Fabrication of ILCP fabrics

In the fabrication process, firstly, the LCP-TPU fabrics were prepared by electrospinning mixture solution of Azo-BCPs and TPU onto an aluminum foil collector in large scale (Fig. 1d). To obtain homogeneous solutions, the Azo-BCPs and TPU were sufficiently dissolved in DMF/THF solvents via stirring for 12 h due to their high molecular weights. The Azo-BCP/TPU system demonstrates enough compatibility because of the 11 wt.% hydrophilic PEO blocks in Azo-BCPs, as shown in the dynamic mechanical analysis (Supplementary Fig. 3a). From UV-Vis absorption spectra (Supplementary Fig. 3b), the Azo-BCP/TPU fabrics exhibits 365 nm UV absorption in each weight ratios, ensuring the UV-sensing ability. Secondly, the obtained LCP-TPU fabrics were immersed in an ethanol solution of PEI for 6 h to complete the post-crosslinking reaction to form CLCP-TPU fabrics, and then dried in vacuum at 50 °C overnight. The average diameter of obtained CLCP-TPU fibers is ~1.5 μm (Fig. 1e). Subsequently, the CLCP-TPU fabrics were swollen in pure ILs for 12 h. Herein, the ILs are hydrophobic 1-ethyl-3-methylimidazolium bis-(trifluoromethylsulfonyl)imide ([EMIm][TFSI]), which possess high voltage stability, humidity resistance and strong self-adhesion stability31. After being dried in vacuum at room temperature for 6 h, the free-standing ILCP fabrics were finally obtained with the fibers swollen up to ~2.0 μm in diameter (Fig. 1f). The ILCP fabrics exhibit the mechanical properties of 240% elongation and 5.2 MPa tensile strength (Supplementary Fig. 4), profiting from the elasticity of TPU and plasticization of ILs, fulfilling the needs of electronic skins32.
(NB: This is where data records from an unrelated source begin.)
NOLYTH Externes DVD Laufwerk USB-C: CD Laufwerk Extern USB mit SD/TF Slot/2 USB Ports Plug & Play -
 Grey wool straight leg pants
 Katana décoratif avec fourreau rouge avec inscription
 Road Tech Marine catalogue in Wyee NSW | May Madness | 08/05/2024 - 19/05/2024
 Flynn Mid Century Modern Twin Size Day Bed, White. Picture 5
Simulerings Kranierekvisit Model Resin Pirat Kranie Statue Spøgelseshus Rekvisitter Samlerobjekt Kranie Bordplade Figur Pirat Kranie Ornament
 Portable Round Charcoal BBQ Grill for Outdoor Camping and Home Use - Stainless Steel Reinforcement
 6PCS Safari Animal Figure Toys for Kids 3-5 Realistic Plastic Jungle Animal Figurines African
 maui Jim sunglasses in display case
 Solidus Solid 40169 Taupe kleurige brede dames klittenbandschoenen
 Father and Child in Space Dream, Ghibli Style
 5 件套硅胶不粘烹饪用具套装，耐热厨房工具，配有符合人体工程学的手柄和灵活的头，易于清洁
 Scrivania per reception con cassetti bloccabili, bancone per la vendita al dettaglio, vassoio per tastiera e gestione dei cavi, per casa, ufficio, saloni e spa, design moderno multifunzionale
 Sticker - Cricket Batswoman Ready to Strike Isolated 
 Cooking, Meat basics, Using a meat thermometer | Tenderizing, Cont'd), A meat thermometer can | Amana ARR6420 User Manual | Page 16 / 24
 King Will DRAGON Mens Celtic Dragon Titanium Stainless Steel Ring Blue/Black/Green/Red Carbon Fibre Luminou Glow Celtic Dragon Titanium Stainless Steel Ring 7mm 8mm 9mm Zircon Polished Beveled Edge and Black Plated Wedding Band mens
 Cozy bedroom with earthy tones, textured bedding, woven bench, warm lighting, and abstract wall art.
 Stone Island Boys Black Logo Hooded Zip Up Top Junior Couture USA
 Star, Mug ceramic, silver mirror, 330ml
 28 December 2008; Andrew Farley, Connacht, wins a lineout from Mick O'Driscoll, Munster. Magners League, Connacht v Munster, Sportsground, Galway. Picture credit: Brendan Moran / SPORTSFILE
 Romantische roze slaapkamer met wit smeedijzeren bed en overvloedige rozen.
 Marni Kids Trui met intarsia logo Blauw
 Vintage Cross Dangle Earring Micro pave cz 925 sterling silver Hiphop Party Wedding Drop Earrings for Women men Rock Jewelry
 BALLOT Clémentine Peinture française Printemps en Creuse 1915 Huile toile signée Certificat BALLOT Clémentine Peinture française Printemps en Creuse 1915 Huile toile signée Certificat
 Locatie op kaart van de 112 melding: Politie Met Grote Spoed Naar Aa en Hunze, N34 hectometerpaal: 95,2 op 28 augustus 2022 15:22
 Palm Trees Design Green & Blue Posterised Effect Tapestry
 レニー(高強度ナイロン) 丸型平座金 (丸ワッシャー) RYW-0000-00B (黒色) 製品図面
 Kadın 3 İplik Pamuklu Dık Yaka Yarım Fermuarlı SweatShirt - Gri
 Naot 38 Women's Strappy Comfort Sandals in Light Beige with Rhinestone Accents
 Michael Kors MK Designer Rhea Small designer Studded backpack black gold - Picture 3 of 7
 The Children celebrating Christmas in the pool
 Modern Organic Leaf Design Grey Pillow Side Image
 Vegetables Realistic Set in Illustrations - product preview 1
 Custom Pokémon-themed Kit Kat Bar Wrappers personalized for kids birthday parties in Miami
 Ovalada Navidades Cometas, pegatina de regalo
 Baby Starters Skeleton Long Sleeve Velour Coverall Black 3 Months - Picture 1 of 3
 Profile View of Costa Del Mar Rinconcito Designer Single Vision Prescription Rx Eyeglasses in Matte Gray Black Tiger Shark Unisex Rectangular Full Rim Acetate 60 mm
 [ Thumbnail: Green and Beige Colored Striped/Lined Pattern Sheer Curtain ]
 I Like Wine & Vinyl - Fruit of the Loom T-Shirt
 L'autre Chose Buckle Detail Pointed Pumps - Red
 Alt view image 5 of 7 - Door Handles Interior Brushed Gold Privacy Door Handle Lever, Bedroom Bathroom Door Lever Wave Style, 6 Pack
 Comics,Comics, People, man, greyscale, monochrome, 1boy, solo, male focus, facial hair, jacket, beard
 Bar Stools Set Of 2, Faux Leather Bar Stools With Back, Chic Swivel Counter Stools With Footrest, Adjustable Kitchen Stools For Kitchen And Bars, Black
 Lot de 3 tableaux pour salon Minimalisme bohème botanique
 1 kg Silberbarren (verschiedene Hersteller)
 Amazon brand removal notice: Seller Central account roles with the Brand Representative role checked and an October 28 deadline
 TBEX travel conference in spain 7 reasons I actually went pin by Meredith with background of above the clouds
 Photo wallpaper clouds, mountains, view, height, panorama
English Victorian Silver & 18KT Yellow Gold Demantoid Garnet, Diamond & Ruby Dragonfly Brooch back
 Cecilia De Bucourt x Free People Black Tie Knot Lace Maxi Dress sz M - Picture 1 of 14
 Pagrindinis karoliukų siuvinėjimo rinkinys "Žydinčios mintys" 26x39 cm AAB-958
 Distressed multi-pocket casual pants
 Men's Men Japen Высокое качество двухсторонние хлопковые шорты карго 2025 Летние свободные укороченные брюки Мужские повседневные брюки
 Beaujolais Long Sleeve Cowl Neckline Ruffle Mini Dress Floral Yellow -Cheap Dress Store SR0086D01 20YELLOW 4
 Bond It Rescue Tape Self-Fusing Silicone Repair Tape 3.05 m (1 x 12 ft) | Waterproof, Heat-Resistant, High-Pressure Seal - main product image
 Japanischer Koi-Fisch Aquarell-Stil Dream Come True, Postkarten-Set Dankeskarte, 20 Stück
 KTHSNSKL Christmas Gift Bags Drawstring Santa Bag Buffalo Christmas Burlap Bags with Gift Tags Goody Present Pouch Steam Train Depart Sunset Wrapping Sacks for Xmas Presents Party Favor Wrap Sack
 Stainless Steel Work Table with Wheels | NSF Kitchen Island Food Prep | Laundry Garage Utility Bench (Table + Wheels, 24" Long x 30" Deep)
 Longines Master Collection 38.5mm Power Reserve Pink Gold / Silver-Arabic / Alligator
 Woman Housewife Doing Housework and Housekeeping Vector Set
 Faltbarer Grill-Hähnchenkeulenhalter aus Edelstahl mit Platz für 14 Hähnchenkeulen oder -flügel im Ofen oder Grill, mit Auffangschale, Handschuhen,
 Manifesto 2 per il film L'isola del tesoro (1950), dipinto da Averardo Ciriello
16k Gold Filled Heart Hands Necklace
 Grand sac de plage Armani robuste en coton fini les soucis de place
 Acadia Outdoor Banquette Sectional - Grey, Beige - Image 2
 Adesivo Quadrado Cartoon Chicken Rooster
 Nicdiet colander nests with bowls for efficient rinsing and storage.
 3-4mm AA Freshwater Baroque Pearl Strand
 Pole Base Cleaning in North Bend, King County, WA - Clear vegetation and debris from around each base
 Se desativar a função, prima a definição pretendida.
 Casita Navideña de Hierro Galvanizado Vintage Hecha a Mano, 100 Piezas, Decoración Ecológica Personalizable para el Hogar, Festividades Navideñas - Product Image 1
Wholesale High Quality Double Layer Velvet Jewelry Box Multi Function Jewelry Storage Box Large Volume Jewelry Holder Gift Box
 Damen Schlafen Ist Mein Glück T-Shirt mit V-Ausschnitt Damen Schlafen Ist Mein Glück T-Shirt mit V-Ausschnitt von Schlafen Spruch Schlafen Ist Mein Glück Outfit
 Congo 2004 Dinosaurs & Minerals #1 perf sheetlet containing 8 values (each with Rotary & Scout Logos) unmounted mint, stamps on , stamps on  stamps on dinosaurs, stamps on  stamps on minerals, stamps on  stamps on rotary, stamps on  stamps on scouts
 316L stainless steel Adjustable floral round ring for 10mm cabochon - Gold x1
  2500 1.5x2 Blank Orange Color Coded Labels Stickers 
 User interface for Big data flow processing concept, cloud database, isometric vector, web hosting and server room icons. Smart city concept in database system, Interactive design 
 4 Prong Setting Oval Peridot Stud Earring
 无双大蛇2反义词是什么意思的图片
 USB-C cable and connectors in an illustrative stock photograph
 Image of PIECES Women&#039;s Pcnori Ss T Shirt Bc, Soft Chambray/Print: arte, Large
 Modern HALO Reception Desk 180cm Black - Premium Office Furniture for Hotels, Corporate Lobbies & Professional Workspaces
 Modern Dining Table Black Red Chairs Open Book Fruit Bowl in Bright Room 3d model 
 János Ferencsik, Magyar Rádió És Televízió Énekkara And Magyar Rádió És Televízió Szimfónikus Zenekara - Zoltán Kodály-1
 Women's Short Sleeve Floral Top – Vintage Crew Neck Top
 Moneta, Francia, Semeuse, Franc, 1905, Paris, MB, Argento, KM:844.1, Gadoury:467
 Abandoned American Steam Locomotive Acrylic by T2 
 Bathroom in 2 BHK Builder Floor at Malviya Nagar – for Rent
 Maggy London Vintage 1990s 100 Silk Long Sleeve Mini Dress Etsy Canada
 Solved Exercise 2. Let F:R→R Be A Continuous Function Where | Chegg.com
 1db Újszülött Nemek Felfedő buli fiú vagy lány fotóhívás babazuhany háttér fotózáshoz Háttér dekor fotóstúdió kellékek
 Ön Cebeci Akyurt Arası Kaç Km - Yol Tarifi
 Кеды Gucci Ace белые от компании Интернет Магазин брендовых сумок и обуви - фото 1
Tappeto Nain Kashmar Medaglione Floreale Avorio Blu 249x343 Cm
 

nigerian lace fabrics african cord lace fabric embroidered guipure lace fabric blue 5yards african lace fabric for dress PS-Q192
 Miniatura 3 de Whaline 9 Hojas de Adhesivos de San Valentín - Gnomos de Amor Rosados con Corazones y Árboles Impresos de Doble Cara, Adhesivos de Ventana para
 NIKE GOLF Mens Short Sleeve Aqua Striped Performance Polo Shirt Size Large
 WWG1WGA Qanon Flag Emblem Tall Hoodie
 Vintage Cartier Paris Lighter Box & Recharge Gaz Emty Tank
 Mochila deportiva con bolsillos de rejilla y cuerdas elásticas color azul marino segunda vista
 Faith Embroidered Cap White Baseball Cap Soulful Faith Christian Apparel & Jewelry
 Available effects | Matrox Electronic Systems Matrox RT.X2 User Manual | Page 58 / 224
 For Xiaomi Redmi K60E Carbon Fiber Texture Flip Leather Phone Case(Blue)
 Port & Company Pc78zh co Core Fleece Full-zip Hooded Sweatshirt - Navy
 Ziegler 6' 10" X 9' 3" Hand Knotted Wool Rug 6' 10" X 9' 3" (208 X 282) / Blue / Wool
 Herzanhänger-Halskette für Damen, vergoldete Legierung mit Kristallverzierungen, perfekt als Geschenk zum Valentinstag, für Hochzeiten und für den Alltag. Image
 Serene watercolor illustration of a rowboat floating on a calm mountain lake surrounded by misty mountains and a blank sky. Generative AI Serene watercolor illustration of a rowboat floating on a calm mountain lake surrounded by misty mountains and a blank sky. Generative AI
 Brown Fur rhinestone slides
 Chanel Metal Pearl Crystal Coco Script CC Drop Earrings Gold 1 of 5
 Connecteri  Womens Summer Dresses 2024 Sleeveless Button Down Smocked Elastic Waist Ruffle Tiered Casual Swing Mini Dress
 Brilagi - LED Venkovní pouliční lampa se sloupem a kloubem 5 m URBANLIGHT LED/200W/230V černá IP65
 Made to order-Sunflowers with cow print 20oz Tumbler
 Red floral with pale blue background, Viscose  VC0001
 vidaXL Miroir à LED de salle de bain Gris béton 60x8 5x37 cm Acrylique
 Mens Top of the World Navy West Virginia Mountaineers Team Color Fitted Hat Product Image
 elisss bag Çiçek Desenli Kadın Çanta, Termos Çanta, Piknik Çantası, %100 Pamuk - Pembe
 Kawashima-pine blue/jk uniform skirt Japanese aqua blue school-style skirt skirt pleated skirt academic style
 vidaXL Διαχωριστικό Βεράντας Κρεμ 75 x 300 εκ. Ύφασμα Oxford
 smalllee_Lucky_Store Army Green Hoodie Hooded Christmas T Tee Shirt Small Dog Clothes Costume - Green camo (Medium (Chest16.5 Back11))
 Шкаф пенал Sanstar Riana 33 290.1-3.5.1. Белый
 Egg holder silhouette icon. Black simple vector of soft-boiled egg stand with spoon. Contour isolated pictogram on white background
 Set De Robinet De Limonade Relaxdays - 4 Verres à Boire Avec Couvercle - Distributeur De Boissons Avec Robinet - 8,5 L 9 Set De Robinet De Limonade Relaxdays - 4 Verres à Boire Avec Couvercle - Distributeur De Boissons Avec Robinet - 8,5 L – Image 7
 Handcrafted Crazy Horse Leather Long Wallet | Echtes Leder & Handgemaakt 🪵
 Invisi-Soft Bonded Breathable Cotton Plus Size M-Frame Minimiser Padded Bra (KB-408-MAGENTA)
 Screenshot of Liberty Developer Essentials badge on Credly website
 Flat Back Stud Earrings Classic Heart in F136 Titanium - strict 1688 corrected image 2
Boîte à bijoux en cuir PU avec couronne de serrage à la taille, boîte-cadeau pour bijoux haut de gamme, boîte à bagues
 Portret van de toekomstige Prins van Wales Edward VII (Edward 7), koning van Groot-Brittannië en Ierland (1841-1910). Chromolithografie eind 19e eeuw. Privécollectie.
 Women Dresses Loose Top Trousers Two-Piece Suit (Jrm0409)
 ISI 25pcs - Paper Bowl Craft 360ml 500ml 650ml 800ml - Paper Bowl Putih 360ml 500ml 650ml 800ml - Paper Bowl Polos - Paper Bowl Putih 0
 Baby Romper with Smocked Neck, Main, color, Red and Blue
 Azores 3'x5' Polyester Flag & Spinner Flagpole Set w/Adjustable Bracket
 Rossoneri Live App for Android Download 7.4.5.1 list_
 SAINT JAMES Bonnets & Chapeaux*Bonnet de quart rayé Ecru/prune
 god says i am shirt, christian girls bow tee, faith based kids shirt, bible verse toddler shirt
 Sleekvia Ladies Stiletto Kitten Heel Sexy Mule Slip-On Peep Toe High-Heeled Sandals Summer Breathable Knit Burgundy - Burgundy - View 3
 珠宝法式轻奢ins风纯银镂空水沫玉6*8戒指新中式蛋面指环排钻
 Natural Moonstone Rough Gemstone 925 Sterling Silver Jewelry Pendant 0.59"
Performance of the ILCP-based device

The IL content and ionic conductivity of ILCPs are affected by the immersion time (Fig. 2a). After immersion in ILs for 12 h, the IL content increased to 69% and the conductivity reached to 0.855 mS cm−1, meeting the needs of electronics33. In general, flowable ILs within the polymer matrix are liable to exude under heating or vacuum, seriously losing the performance of devices34. Figure 2b compares the changes of IL content of CLCP-TPU fabrics and non-crosslinked LCP-TPU fabrics with time. The samples were treated under vacuum at room temperature for 24 h and subsequently at 50 °C for another 24 h. It is clear that the IL content of CLCP-TPU fabrics slightly decreased from 76% to 64% in the initial 3 hours and then maintained at the platform. In contrast, for non-crosslinked LCP-TPU fabrics, the IL content was severely falling to 22% without a platform. Therefore, the crosslinked networks and PEI complexation effectively restrain the exudation of ILs. The response to UV illuminance of ILCP-based device is illustrated in Fig. 2c, d. The device exhibited an increased current signal in response to UV light (Supplementary Fig. 5). When the weight ratio of Azo-BCP/TPU was 1:3, the fitted relationship between relative current changes and UV power density was calculated by linear regression method, as shown below:

$$\triangle I/{I}_{0}=0.50\times P-1.78$$
(1)
Fig. 2: Performance of the ILCP-based device.
figure 2

a Plots of IL content and ionic conductivity versus immersion time. Before the measurement of IL contents, samples were dried in vacuum at room temperature for 6 h. b Plots of IL content versus vacuum time of CLCP-TPU and LCP-TPU fabrics at room temperature and 50 °C. The measurement of IL contents was directly conducted after immersing samples in ILs for 12 hours. c Relative current changes in accordance with UV power density from 10 to 270 mW cm−2. The relative current change (ΔI/I0) is defined as the ratio of current shift over the initial current, where ΔI and I0 denote the measured current shift upon UV exposure and the initial current, respectively. The inset shows the response time of 5 s. The weight ratio of Azo-BCP/TPU in ILCPs is 1:3. d Experimental data and fitting curves of relative current changes versus UV power density in different Azo-BCP/TPU weight ratios. e Device response during consecutive 1000 UV on/off cyclic operation upon 90 mW cm−2 UV light. The insets are the initial (left) and last (right) ten cycles of the test. f Relative current changes upon 90 mW cm−2 UV light, when the ILCPs are subject to uniaxial stretching (0–30% strain), bending (0–200 m−1 curvature), and repeated dipping in water (0–50 cycles), respectively. The device was fixed on a linear motor to control the strain and curvature.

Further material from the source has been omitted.